Information Start Marker

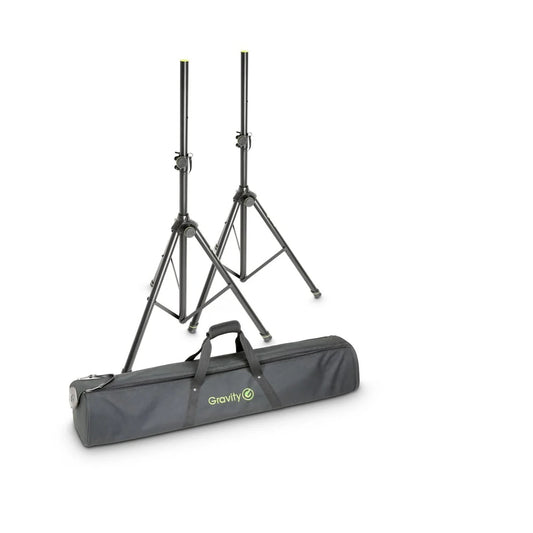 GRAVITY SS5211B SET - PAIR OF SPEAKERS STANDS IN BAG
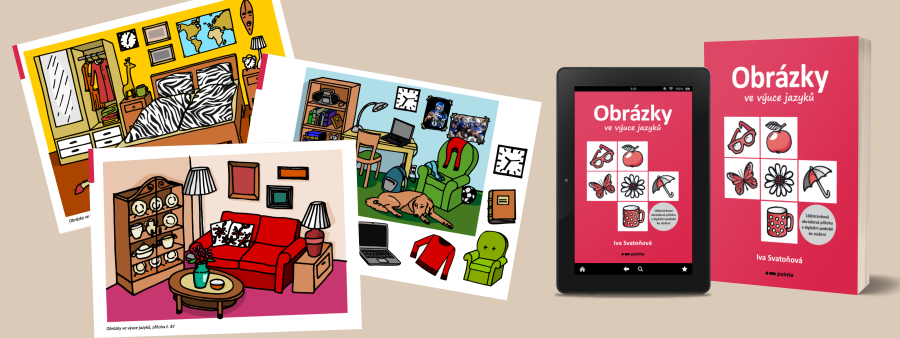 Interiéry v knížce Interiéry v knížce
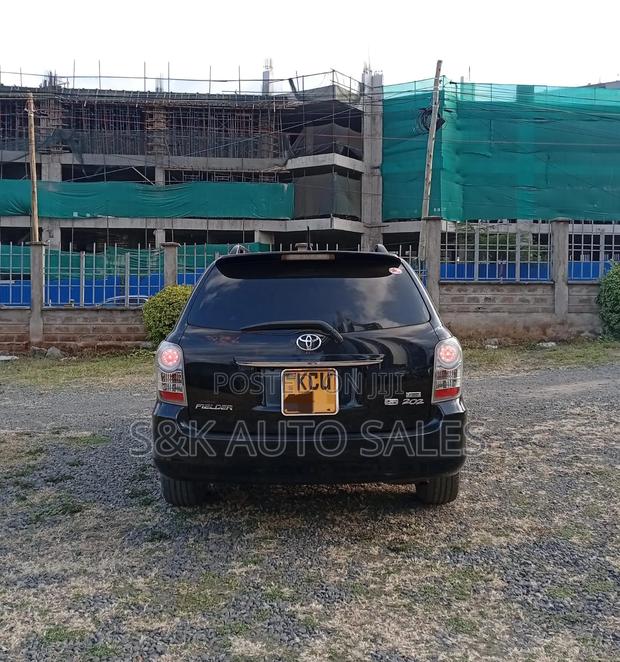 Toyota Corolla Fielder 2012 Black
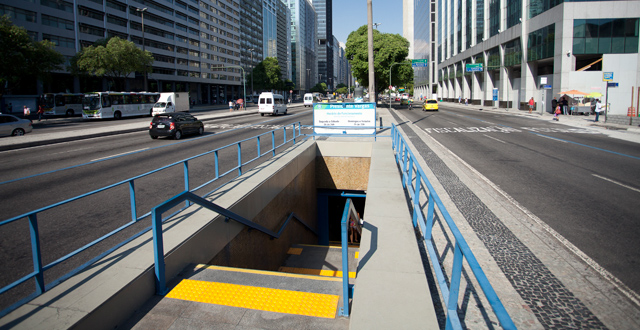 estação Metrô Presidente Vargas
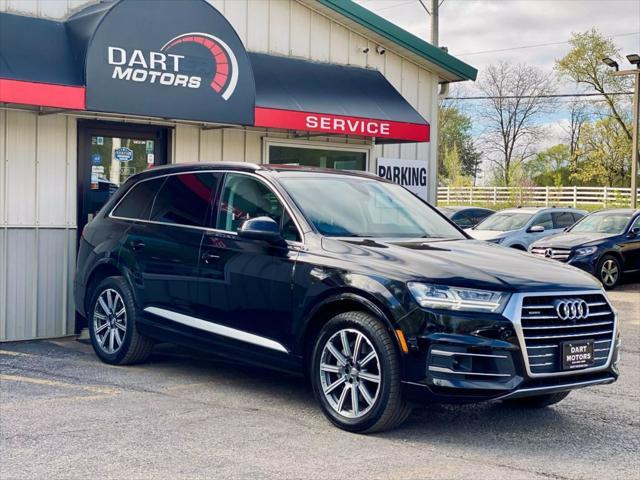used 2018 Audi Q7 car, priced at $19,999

Information End Marker
Information Start Marker

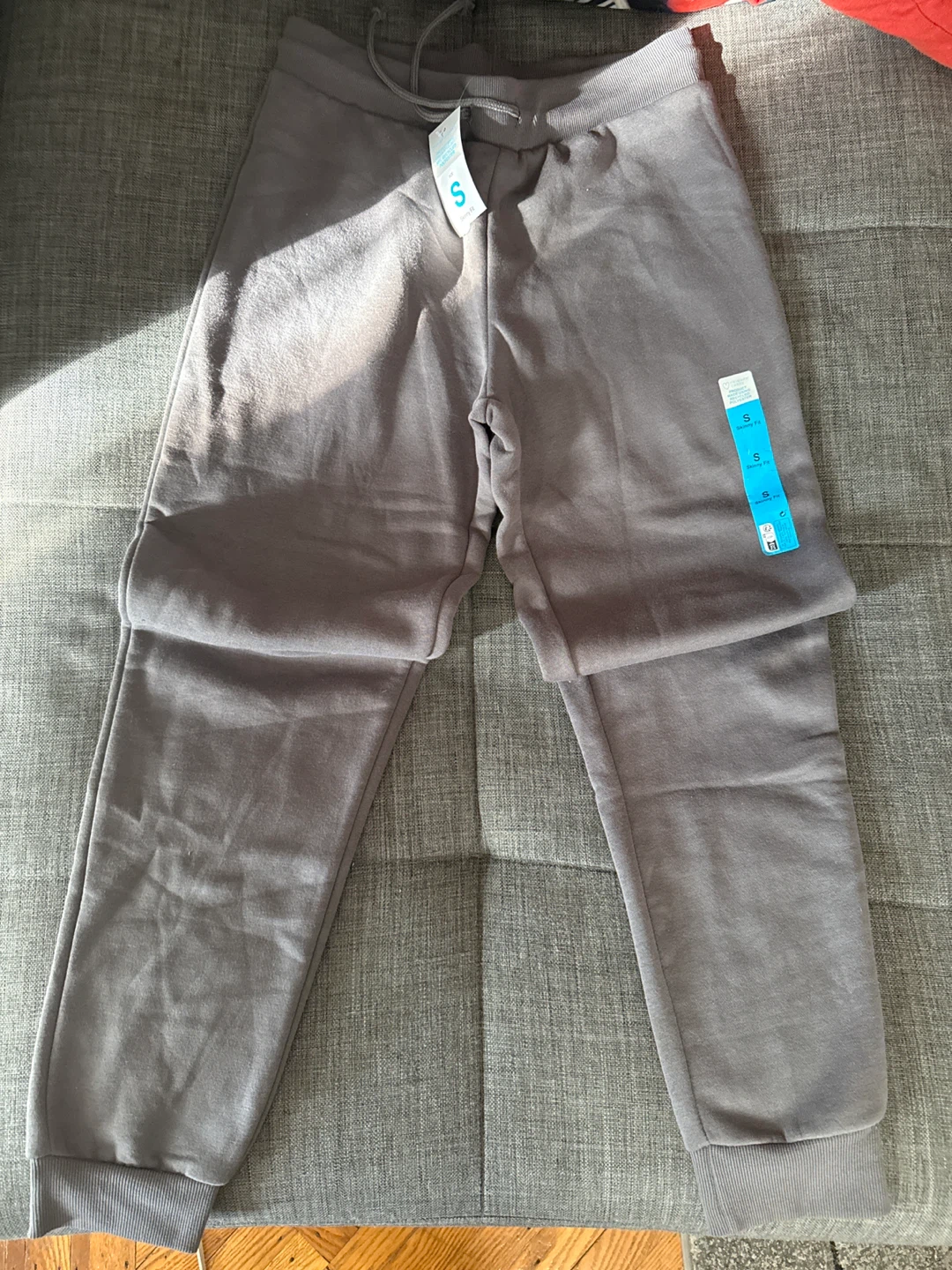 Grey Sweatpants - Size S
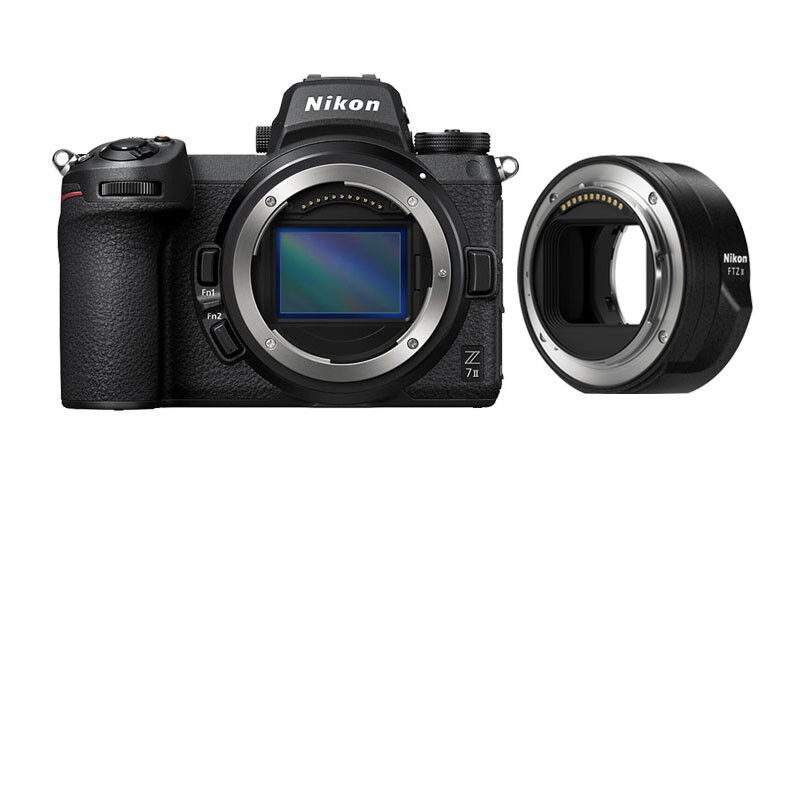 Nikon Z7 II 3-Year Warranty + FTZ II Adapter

Information End Marker
Information Start Marker

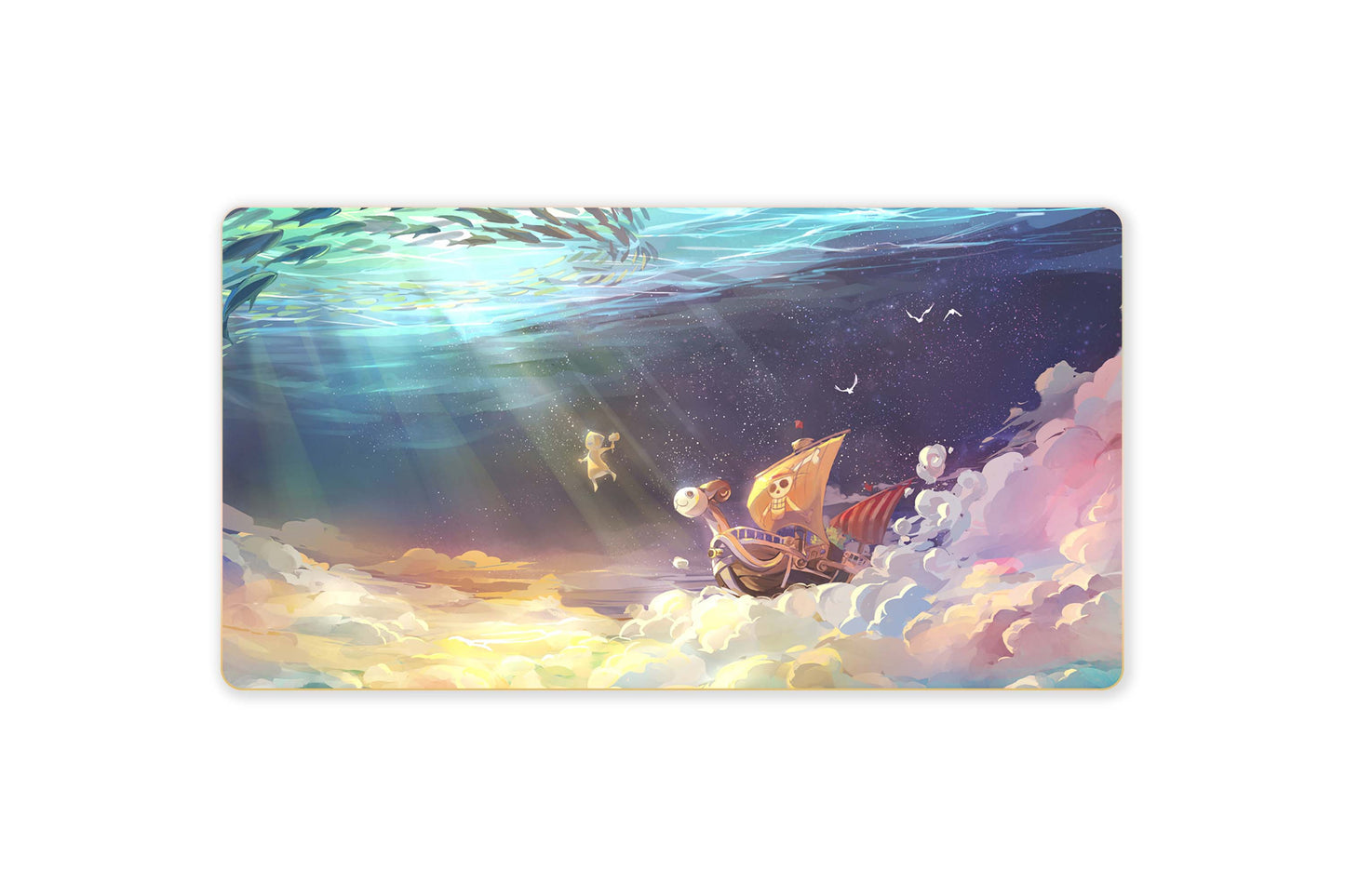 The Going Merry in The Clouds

Information End Marker

- [Problem description]:
Reproduce the data above exactly, but only from the line containing "GRAVITY SS5211B SET" through the line containing "used 2018 Audi Q7 car, priced at $19,999". Omit all pictures.

- [Response]:
 GRAVITY SS5211B SET - PAIR OF SPEAKERS STANDS IN BAG
 Interiéry v knížce Interiéry v knížce
 Toyota Corolla Fielder 2012 Black
 estação Metrô Presidente Vargas
used 2018 Audi Q7 car, priced at $19,999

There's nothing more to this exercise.